Lalu apa sebenarnya yang dimaksud smart farming?
Badan Riset dan Inovasi Nasional (BRIN) menyebut smart farming merupakan sistem pertanian yang memanfaatkan teknologi guna meningkatkan produktivitas.
Dengan konsep ini, diharapkan efisiensi, produktivitas dan keberlanjutan dalam produksi tanaman serta peternakan dapat meningkat.
Peneliti Ahli Madya PRHP BRIN Joko Pitono mengatakan smart farming bisa menarik minat anak muda menjadi petani.
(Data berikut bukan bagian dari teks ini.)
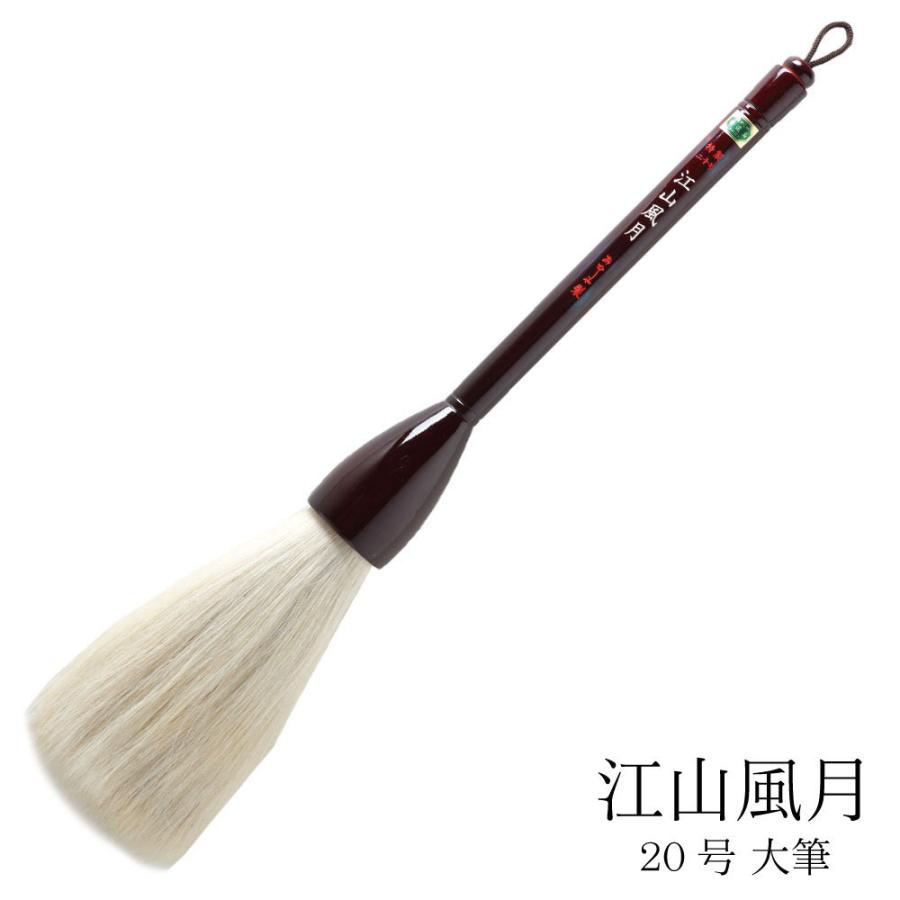 あかしや 書道用大筆 特製 江山風月 20号 特大筆 パフォーマンス書道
Namun, ia menekankan desain aplikasi smart farming cukup kompleks, sehingga memerlukan keterlibatan dan sinergi dari berbagai bidang kepakaran seperti elektro, fotonik, agronomi fisiologi, hama penyakit, agroklimat, tanah, dan mekatronika.
“Smart farming yang berbasis Internet of Thing (IoT) memerlukan dukungan cloud server yang ditunjang oleh beberapa unit untuk proses monitoring parameter penting, big data & analitik, kontrol manajemen dan aktivasi aktuator,” kata Joko dalam acara HortiEs Talk Seri ke-12, dengan topik ‘Penerapan Smart Farming dan Teknologi Pengendalian Residu Pestisida’ beberapa waktu lalu.
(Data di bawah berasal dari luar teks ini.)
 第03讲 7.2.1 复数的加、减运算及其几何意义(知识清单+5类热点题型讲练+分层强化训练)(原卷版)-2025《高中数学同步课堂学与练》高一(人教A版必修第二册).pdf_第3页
Ia menambahkan bahwa aplikasi smart farming akan berfungsi untuk pengaturan input produksi tanaman. Contohnya untuk irigasi, aplikasi hara, penyiapan lahan, pengendalian Organisme Pengganggu Tanaman (OPT), pencahayaan, iklim mikro, panen, dan evaluasi hasil.
Di lain sisi, Peneliti Ahli Pertama Pusat Riset Ekonomi Makro dan Keuangan (PREMK) BRIN Agung Budi Santoso menuturkan manfaat penggunaan smart farming dari sisi marketing yaitu petani bisa memangkas distribusi langsung ke konsumen.
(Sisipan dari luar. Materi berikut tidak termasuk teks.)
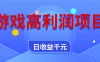游戏高利润项目，全自动，日收益 1000+，小白轻松上手！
Namun, konsekuensinya aktivitas ekonomi pedagang pengepul dan pedagang eceran akan berkurang.
Karenanya, dibutuhkan regulasi penerapan smart farming dalam transformasi tenaga kerja dan kompensasi perubahan marginal physical product (MPP) pada sektor pemasaran.
Selain itu, smart farming juga perlu dikembangkan dalam bentuk komunitas, bukan individual. Komponen penerapan smart farming yang perlu diperhatikan adalah penyedia teknologi, teknologi dan kesiapan petani.
“Karena tingkat adopsi yang rendah, kita sudah memiliki varietas-varietas unggul tetapi produktivitas masih rendah. Secara ekonomi, pelaku ekonomi melakukan proses produksi berdasarkan optimal quantity yang bisa memaksimalkan keuntungan,” kata Agung.